Мальчик едет в Питер — там голландский стиль, там что-то похожее на его виденье: странный свет белых ночей, чугунные ограды во тьме и рыжие весёлые мансарды, глядящие на солнце, — всё одновременно. В Питере он был легче воздуха, он плыл куда хотел — хоть во тьму, хоть к солнцу. Он мог войти в любой дом, и он входил в любой дом, но... там жили другие люди.
Лето. За окном все оттенки зелёного на голубом. Немец-портной, на шее метр, на запястье подушечка с булавками. Головки булавок стеклянные — голубые, розовые, белые — чудо, а не головки, так бы и съел. Мать замечает у сына во рту булавку, белеет лицом, отбирает. Мальчик плачет, горько и безутешно плачет, навек непонятый. «Противный парень», — «Он просто устал».
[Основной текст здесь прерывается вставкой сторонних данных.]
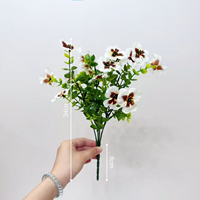 Fleurs artificielles de primula flexibles et nécessitant peu d'entretien pour mariage, fête, décoration intérieure, cadeaux de Noël, vente en gros de fleurs artificielles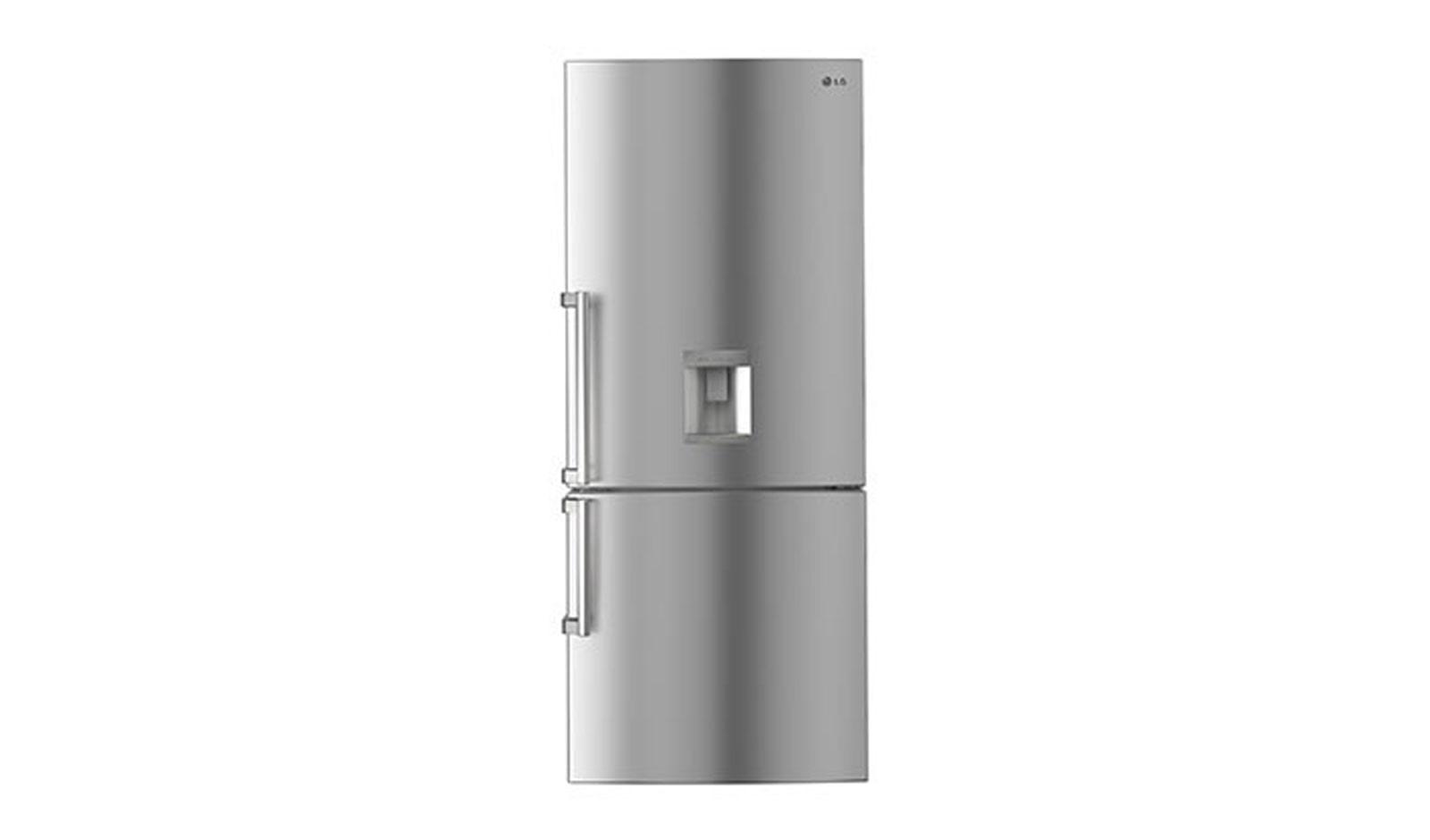 Bottom mount fridge with store water dispenser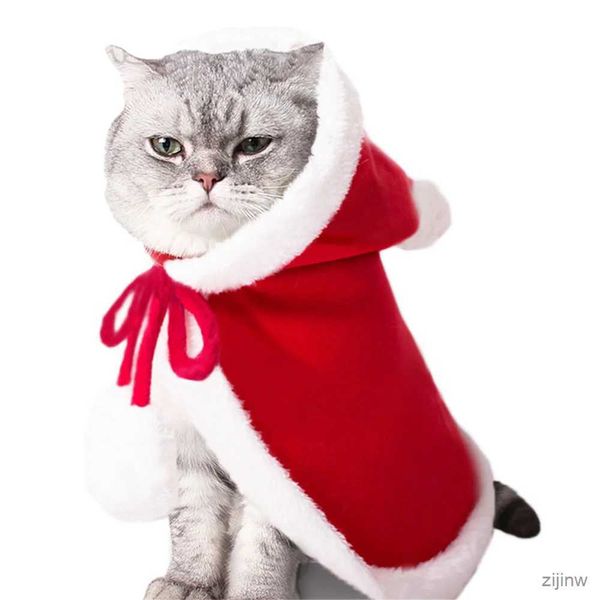 Katzenkostüme, lustiges Hunde- und Katzenkostüm, Weihnachtsumhang, Halloween-Verkleidung, Kleidung für Katzen, Neujahrsanzug für kleine Hunde, Haustier-Foto-Requisiten, Zubehör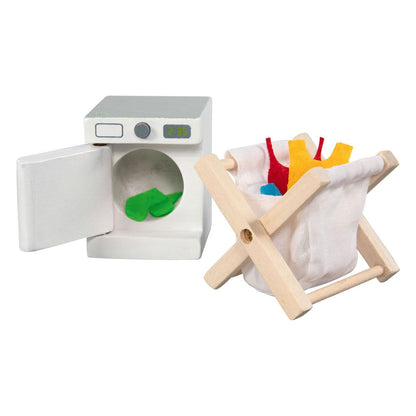 Goki - Goki Houten Poppenhuis Meubels Wasruimte Accessoires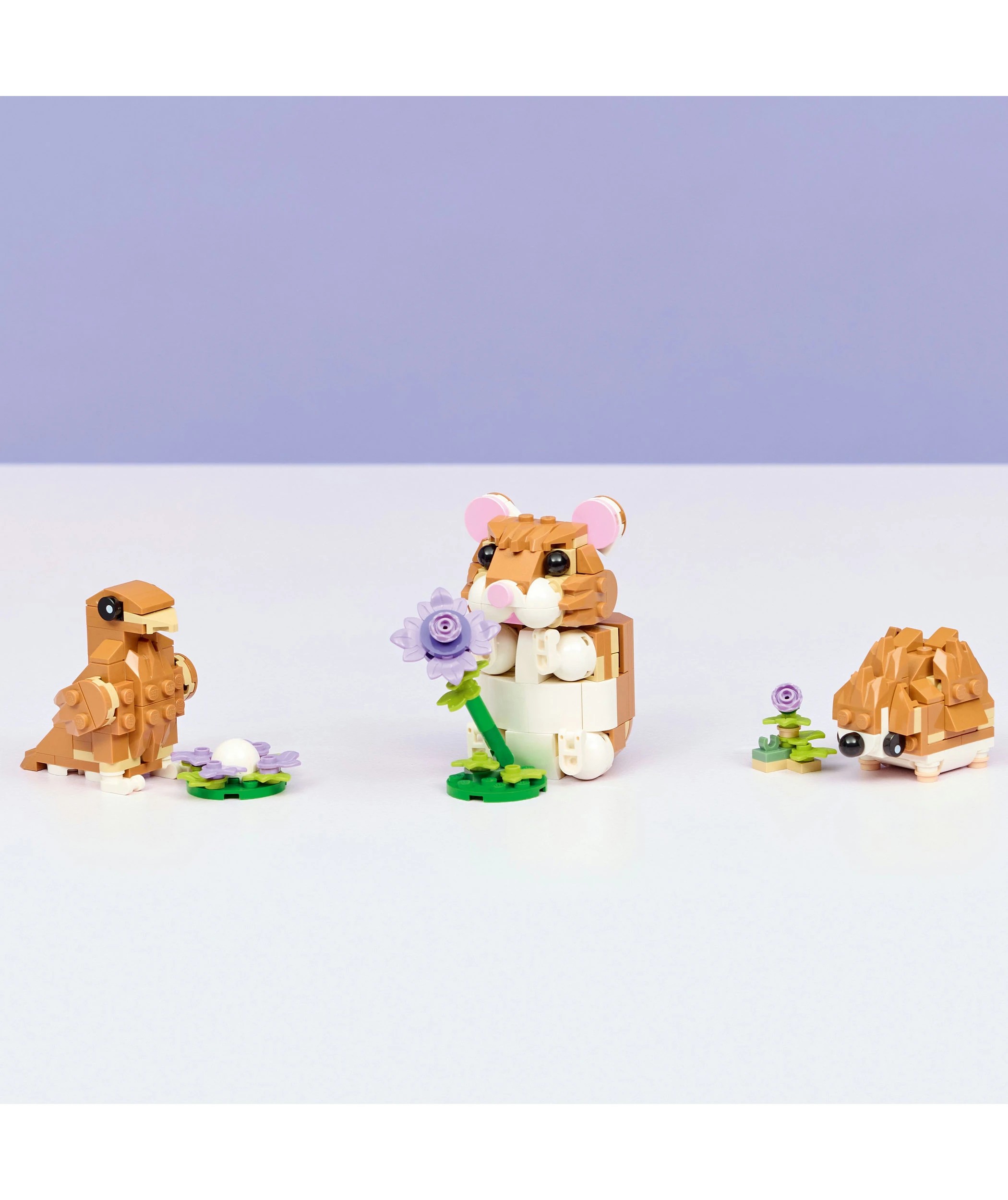 9 LEGO Creator 3 in 1 Cute Hamster with a Flower 31376, 9 of 10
Мальчик едет в Ригу за булавками. Там немецкий стиль, там много разноцветных булавок и мансарды. Мансарды глядят поверх улицы блескучими оконцами, всегда весёлыми, даже в дождь. Особенно в дождь. Когда дождь, нет места на земле уютнее, чем вон та мансарда. Наклонные, падающие, как в бреду, стены комнаты и абсолютное отсутствие потолка. Стопки книг, засохший букетик в мутном стакане, нитки, крем для рук и белый бюстик Шиллера с грязным носом. Жёлтый портрет Марлен Дитрих над дверью, рулоны обоев под койкой. И окошко. Окошко — это самое удивительное. Перебросить подушку и лечь так, чтобы было видно окошко.
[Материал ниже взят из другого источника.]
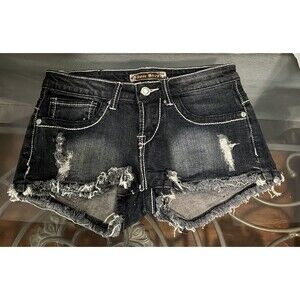 Silver Diva Juniors Denim Shorts Size 3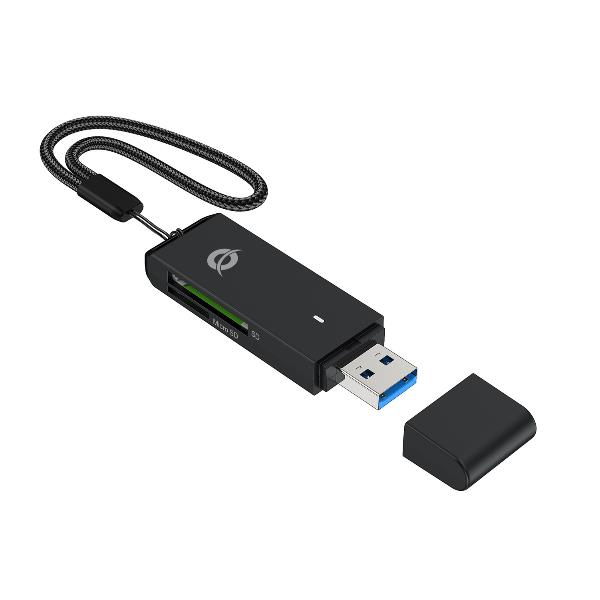Lettore Schede Conceptronic 2-in-1 USB 3.0 Esterno Nero
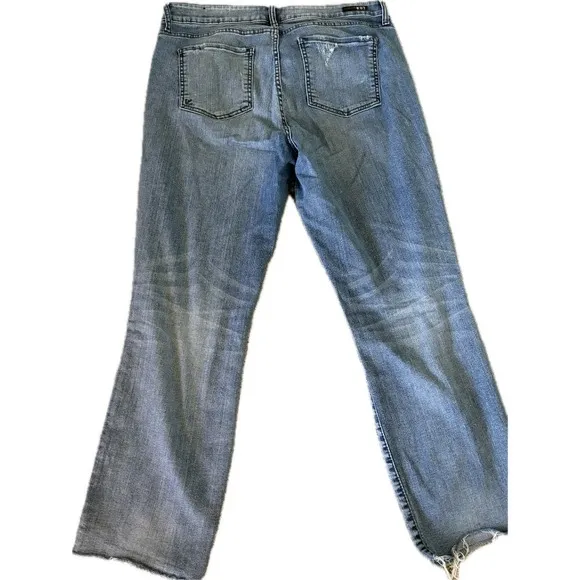 KUT from the Kloth Reese Distressed High Rise Ankle Jeans Size 14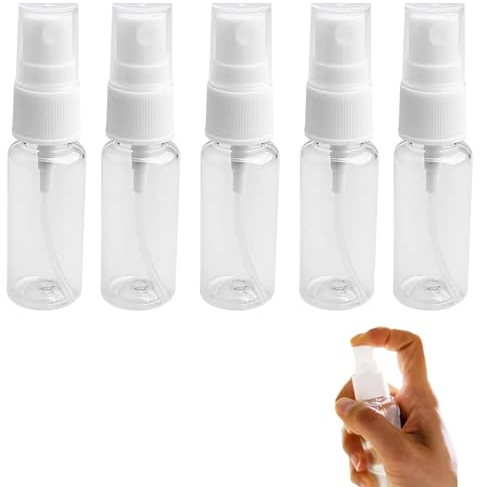5PCS 20ML Spray Bottle,Small Spray Bottle Mini Spray Bottle, Travel Spray Bottle Mini Spray Bottle Small Spray Bottles Empty Refillable Atomizer with Flip Caps Holiday Travel Bottle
Игрушечное. Маленькое, низенькое, с мокрыми, смеющимися стёклами, маленькой ручечкой и настоящим большим шпингалетом. Аза ним — улица сверху. Листва, мокрый асфальт, блестящие зонтики с ножками. И край чьей-то крыши, и небо... К небу надо уже наклоняться.
В Риге мальчик купил себе блок-флейту. Ему не хотели продавать, говорили, что он — русский. Но когда мальчик заиграл на ней, ему принесли извинения и разрешили: «Платитэ». Странные люди. Торбочка приняла флейту без расспросов.
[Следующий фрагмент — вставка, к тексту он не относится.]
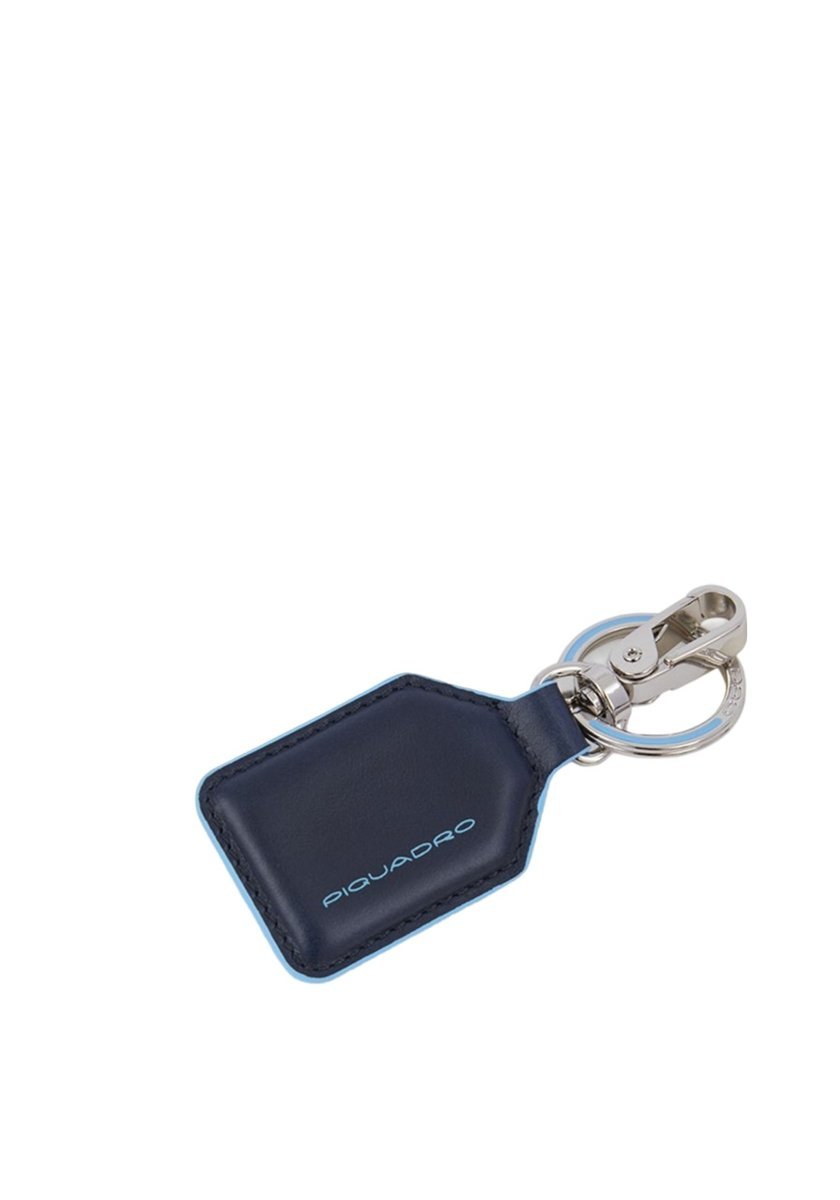 Portachiavi in metallo e pelle con una anella Uomo piquadro pc5965b2-blu2 Blu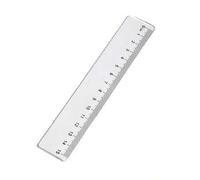 Shein 1 pieza/5 piezas/15 piezas/20cm Regla, borde ondulado, escala de un solo lado, regla de plástico transparente, artículos de papelería al por mayor par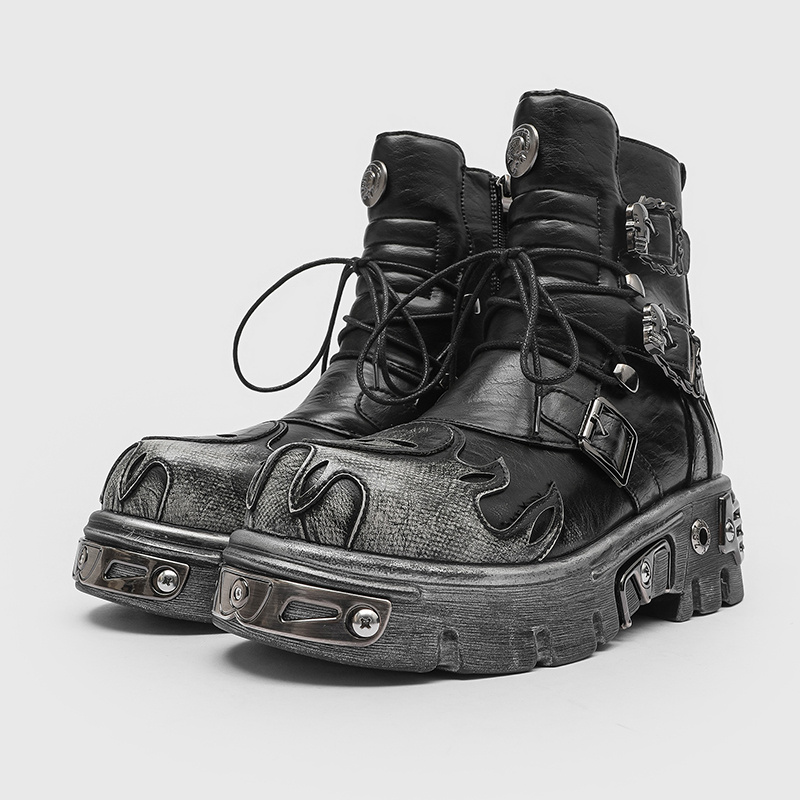 Heren hoge motorlaarzen in pun - Motorcycle Gear Pants recensie en prijs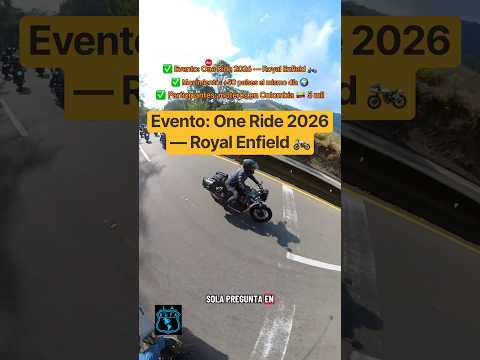 ¡Cambia el NO PUEDO por ¿CÓMO LO HAGO?! 🏍️🔥 | One Ride 2026 — 150 moteros a Villeta | Royal Enfiel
Ещё был Таллин, Кенигсберг... Стремиться на Запад пошло, надо стремиться на Восток, как Герман Гессе.
И на Восток стремиться пошло, как выяснилось, и на юг, и на север. Надо стремиться к Альмутассиму, как Хорхе Луис Борхес.
Альмутассим, охапка сена перед носом ишака. Тоже противно. Ну ладно, главное мы поняли — не стоять.
Калачов дремал в машине, несущейся из Потсдама в Тегель. То есть, ни в коем случае не стоял.
«Не в Тегель, а в Шёнефельд», — уточнил водитель. Педант... Как в Шёнефельд?! Это же в три раза дальше!!!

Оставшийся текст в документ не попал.